Recall that GG said that the -sj index would move to the other datacenters, then we would see backlinks/spam filters applied across the board.
If this is the case, and if the d.c. datacenter (-dc) just got the -sj index (I saw it bouncing around last night actually); and the cable & wireless (-cw) datacenter got the index on the 15th. *Then* it seems we have 2 days for the index to be propagated to each datacenter (this is a worst-case scenario, as the datacenters may be updated in parallel and may all pop up with the -sj index very shortly).
Since we have 5 datacenters left to go, that brings us 10 days in the future for all datacenters to given the -sj index...which brings us to the 27th. At this time we should see the backlinks/spam filters being applied at every datacenter as deltas/patches (if you will) and the real "dance" will be underway. It will, of course, take considerably less time.
Notice that the prediction of the 27th is, in my opinion, a worst-case scenario; we will most likely see things happen sooner.
Peter
As a side note, will their be a deep crawl anytime soon?
Let's suppose that the new algo with major changes needs the index data in an entirely new format. They changed the format with the latest crawl data at the time that they started testing the new algo in February.
Now suppose that the deep crawl develops the equivalent of a diff between the last index and what will be the new index. With the march and april crawls the diff that is developed for the old style index will not apply to the new improved style index.

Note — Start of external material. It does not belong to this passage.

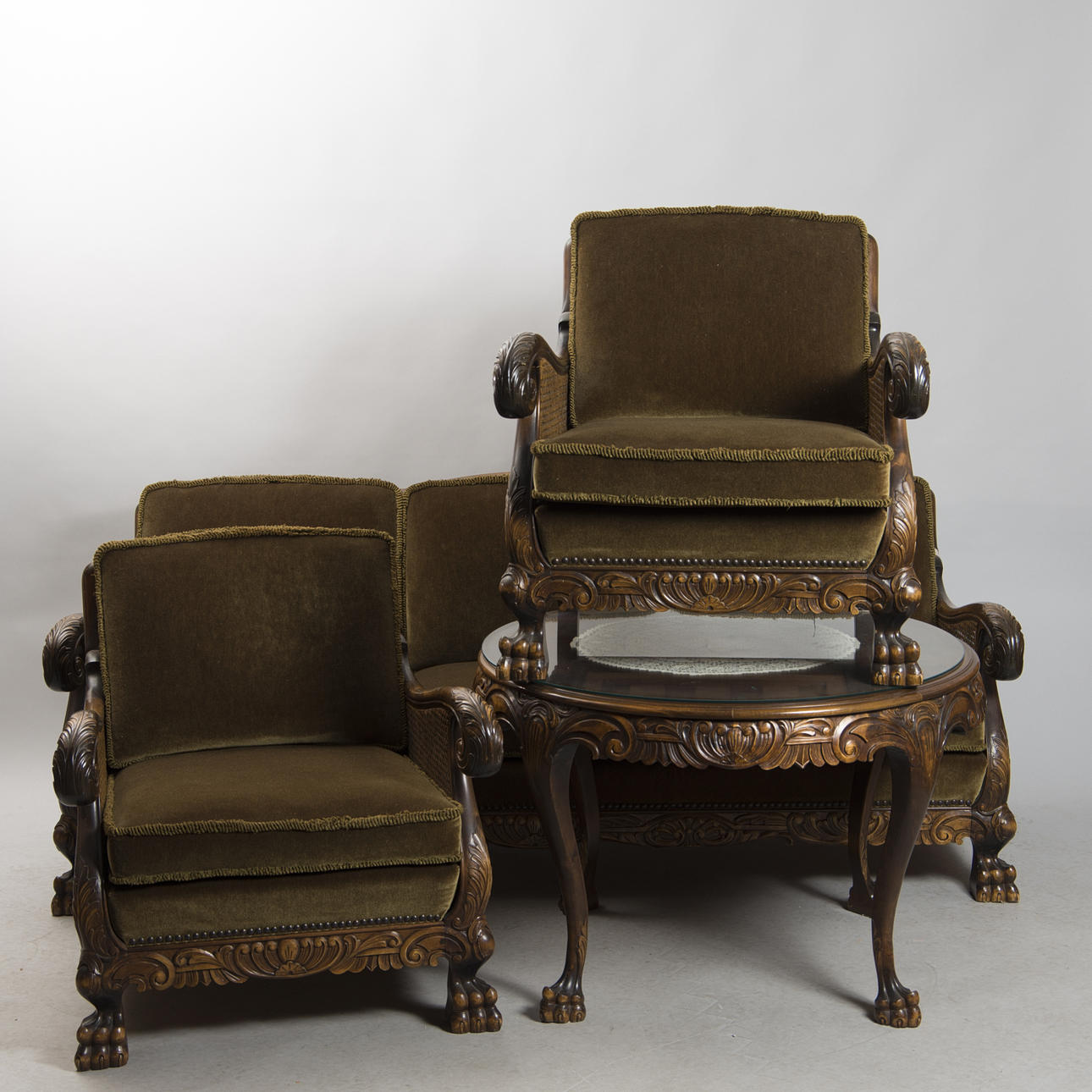 SALONGSGRUPP, plysch/björk med nät i rygg och sidor, chippendalestil.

Google decides that the new algo is a major improvement. They now have a hard choice. Move the new algo with old data, and then get the diffs straightened out. Or they can build and move a whole new index from scratch and still probably end up at least a month behind, due to the complexity of the process.

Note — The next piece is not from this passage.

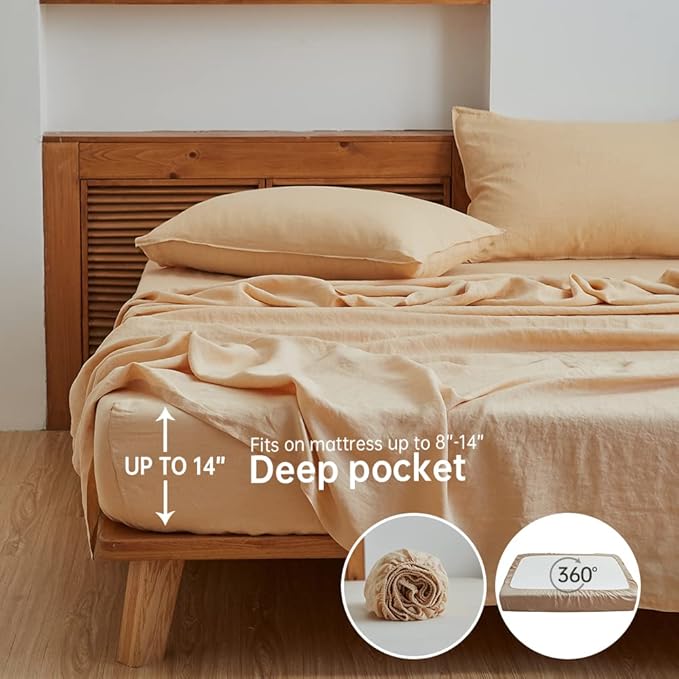 Simple&Opulence 100% Linen Sheet Set Solid Color-4 Pcs Washed French Linen Bed Sheets(1 Flat Sheet,1 Fitted Sheet,2 Pillowcases)-Breathable Bedding Set (Queen, Sand) - LeafyLoom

So they decide to do the massive migration of the old data, and work on getting the diffs to apply to the new format. Depending on how they have the data stored, they may have to develop a March and an April diff, they may be able to do just an April diff, or even jump to a May diff if they decide to do it that way.
Now here is another fun part. This would be the first time applying that diff to the new format. It will have to be tested first, which will make it a slower process than the old updates. It is unknown how much of the 2+ weeks between the deep crawl and the update was required to generate the diff. They may have already started working with the march or april data. We do not know.
So yes, I can easily explain the February data being used for the current update. I may be wrong in the specifics, but this scenario is more likely than never having a deep crawl again.